§ **Action item**: Pictures stay out, but every line of the data is copied exactly.

═══ Provided information

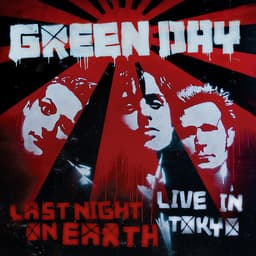 Cover art for Last Night on Earth (Live in Tokyo)
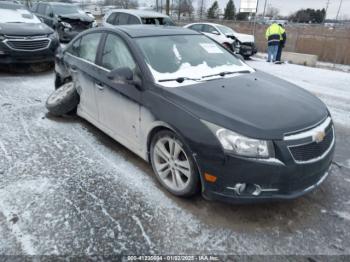  Salvage Chevrolet Cruze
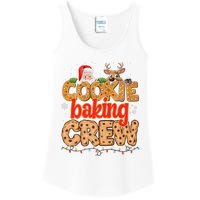 Christmas Cookie Crew Baking Pajamas Baking Family Funny Ladies Essential Tank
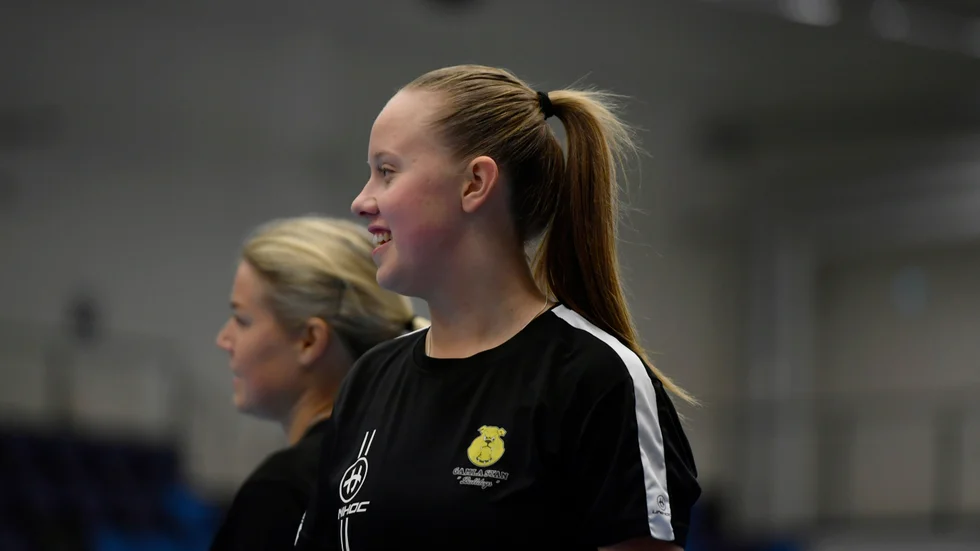 Lina Eriksson är uttagen till U19-landslaget i början av september.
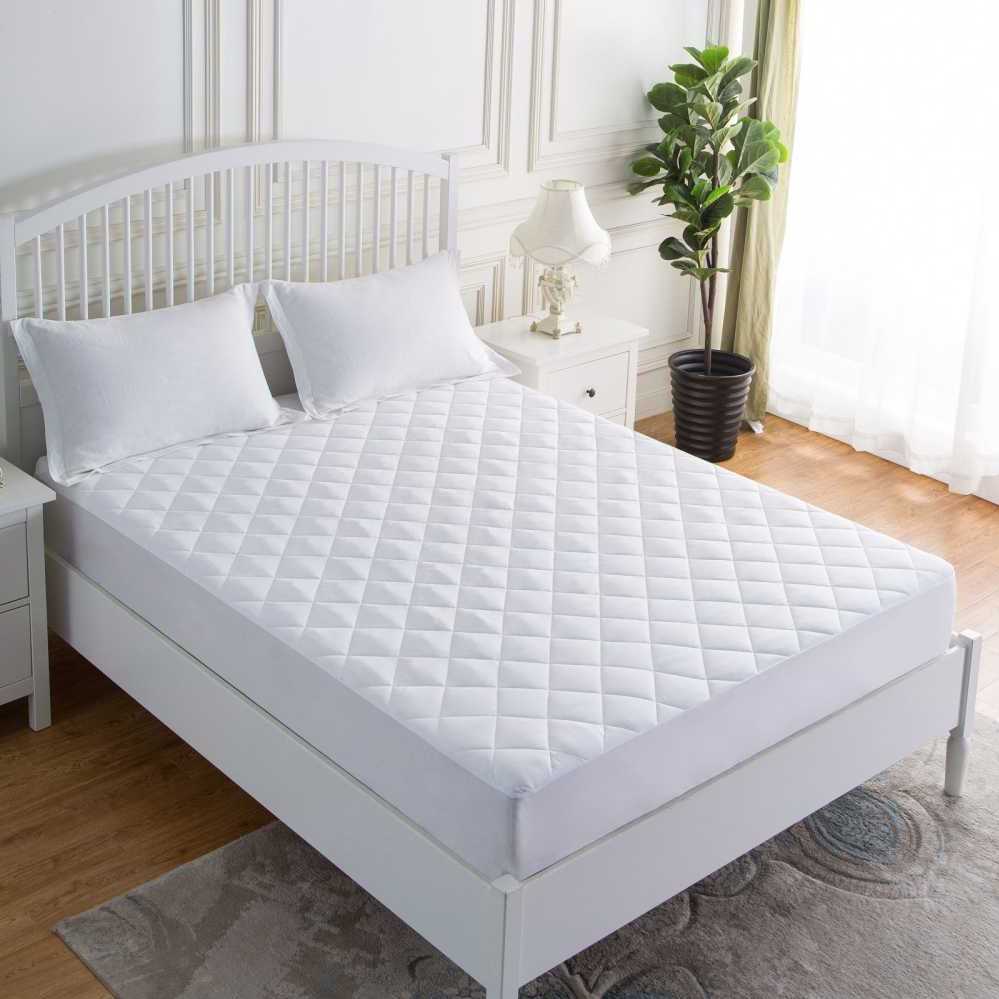 Mattress on the frame
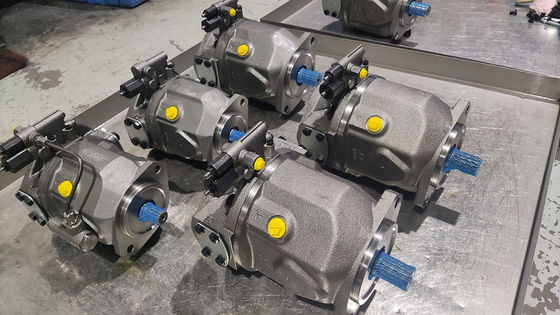 A10VSO140EZ6 Rexroth Pompa Hidraulik A10vso A10vso71 A10v A10vo A4vg A4vso250 A10vo45 A10vso100 Pompa Piston Hidraulik Aksial pabrik Cina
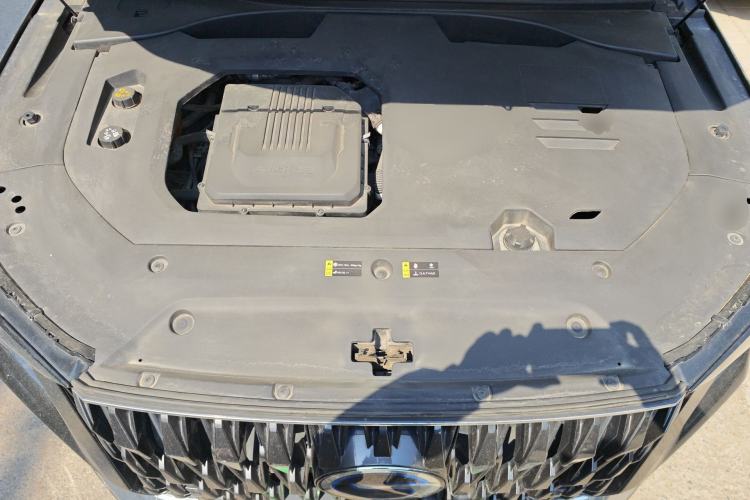 Used GAC Trumpchi GS8 2024 Dual-Motor Series 2.0TM Two-Wheel Drive Premium Edition Engine Bay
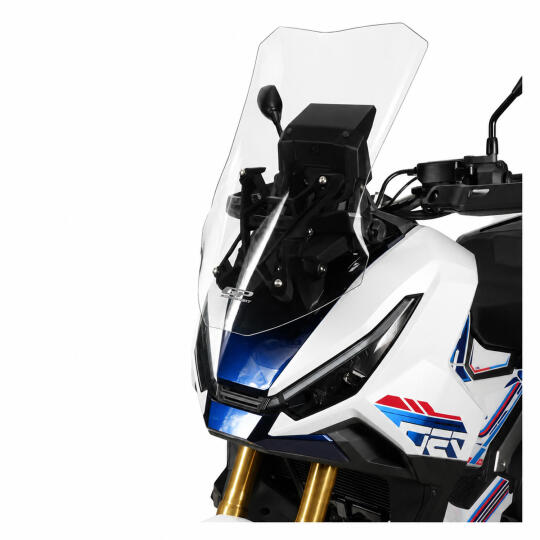 GP Kompozit Honda X-ADV 2021-2026 Uyumlu Ön Cam Şeffaf - 3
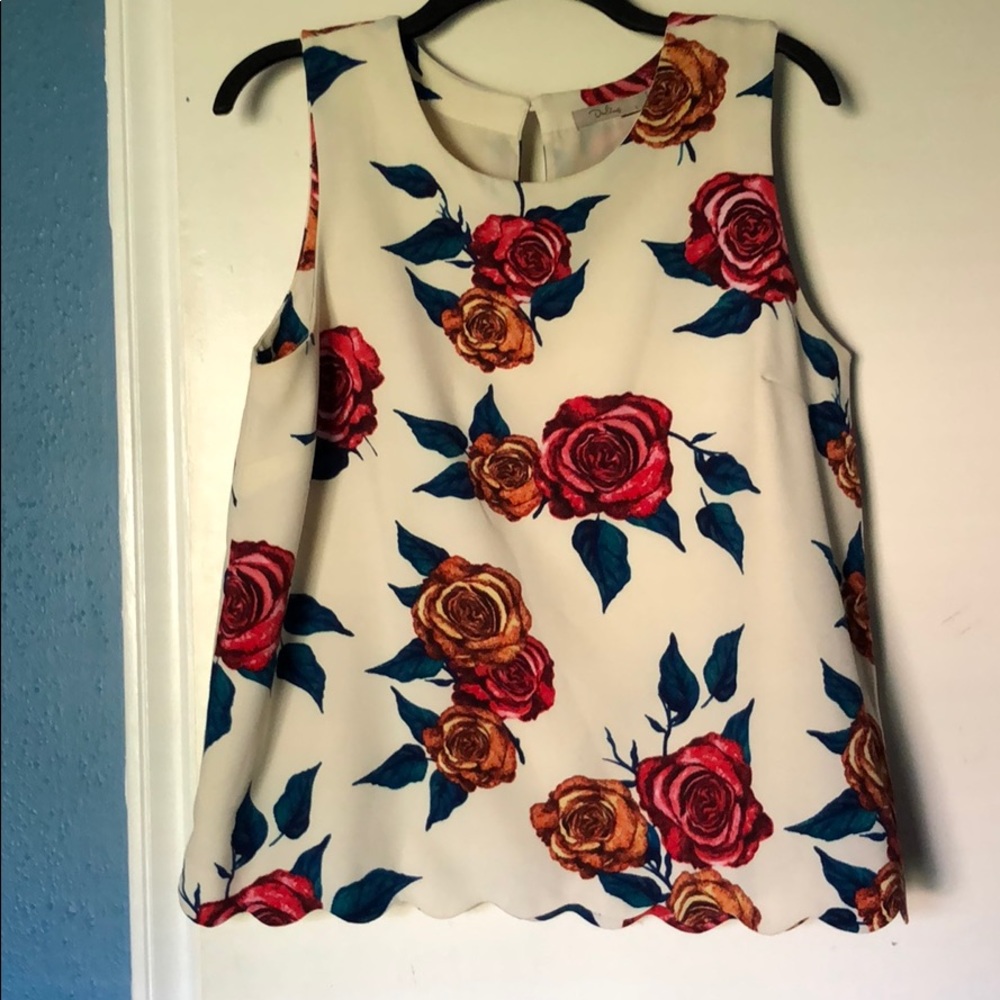Anthropologie Top size L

══════

§ **Solution**:
 Cover art for Last Night on Earth (Live in Tokyo)
  Salvage Chevrolet Cruze
 Christmas Cookie Crew Baking Pajamas Baking Family Funny Ladies Essential Tank
 Lina Eriksson är uttagen till U19-landslaget i början av september.
 Mattress on the frame
 A10VSO140EZ6 Rexroth Pompa Hidraulik A10vso A10vso71 A10v A10vo A4vg A4vso250 A10vo45 A10vso100 Pompa Piston Hidraulik Aksial pabrik Cina
 Used GAC Trumpchi GS8 2024 Dual-Motor Series 2.0TM Two-Wheel Drive Premium Edition Engine Bay
 GP Kompozit Honda X-ADV 2021-2026 Uyumlu Ön Cam Şeffaf - 3
Anthropologie Top size L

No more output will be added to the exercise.